On a visit to the U.S. in 1848, Leighton Wilson took with him a skeleton of a large ape never before seen by whites. a Harved professor named this ape "gorilla", and his description of it encouraged a growing scientific racism.

Ill health forced the Wilsons to return to the U.S. in 1852. Shortly after he was elected Secretary for the Presbyterian Board of Foreign Missions located in New York. They purchased a large home in the city and over the next eight years welcomed to it many missionaries and recent converts from various mission fields. In 1856 Wilson’s book Western Africa was published by Harper and Brothers. A careful and appreciative study of West African cultures and societies, the book still serves as an early resource for anthropologists and historians of West Africa.
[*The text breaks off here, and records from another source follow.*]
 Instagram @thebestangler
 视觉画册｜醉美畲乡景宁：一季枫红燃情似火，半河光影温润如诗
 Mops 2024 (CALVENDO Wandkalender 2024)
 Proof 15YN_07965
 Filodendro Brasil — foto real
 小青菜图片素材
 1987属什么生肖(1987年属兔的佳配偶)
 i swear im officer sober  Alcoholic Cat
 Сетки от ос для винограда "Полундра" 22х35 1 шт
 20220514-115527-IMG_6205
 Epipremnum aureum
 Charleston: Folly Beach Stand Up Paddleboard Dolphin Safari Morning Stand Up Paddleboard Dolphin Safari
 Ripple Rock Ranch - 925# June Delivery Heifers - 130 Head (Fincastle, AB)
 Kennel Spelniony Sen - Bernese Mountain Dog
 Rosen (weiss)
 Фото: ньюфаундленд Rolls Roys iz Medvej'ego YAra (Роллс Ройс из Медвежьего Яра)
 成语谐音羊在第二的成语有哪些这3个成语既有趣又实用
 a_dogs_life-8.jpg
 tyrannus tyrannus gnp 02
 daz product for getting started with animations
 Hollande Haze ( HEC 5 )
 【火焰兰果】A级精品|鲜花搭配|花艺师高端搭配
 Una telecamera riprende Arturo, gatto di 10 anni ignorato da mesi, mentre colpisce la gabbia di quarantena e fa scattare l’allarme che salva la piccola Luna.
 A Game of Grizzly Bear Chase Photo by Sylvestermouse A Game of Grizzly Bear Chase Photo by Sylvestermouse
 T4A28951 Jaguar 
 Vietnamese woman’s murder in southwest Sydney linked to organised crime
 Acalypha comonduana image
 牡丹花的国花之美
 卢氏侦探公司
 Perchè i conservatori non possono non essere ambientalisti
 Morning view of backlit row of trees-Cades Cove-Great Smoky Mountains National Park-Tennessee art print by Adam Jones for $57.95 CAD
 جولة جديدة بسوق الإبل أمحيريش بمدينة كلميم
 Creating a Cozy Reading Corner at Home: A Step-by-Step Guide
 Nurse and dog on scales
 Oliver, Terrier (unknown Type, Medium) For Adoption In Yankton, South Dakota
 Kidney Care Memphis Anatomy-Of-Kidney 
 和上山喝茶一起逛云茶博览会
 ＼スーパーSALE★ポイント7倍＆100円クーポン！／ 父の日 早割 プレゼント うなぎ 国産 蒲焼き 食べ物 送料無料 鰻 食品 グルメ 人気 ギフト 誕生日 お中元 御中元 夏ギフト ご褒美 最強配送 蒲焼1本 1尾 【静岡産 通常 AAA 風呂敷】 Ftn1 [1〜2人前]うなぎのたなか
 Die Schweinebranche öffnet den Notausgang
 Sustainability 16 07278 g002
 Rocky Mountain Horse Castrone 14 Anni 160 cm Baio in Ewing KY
As the Civil War approached, the Wilsons felt a growing tension. They heard the siren voice of their Southern homeland calling from deep within their memories. They sought to resist its seductions, but the call became more insistent and, finally, irresistible. In spite of their years of fighting slavery, they gave themselves to a history and a people committed to maintaining slavery and its deep oppression—both an act of deep love for a place and people, and the desertion of a moral vision. Wilson was soon made the Secretary for Foreign Missions for the newly formed Southern Presbyterian Church. After the Civil War he directed a growing mission movement by Southern Presbyterians. He died in 1885 in the plantation home where he had been born.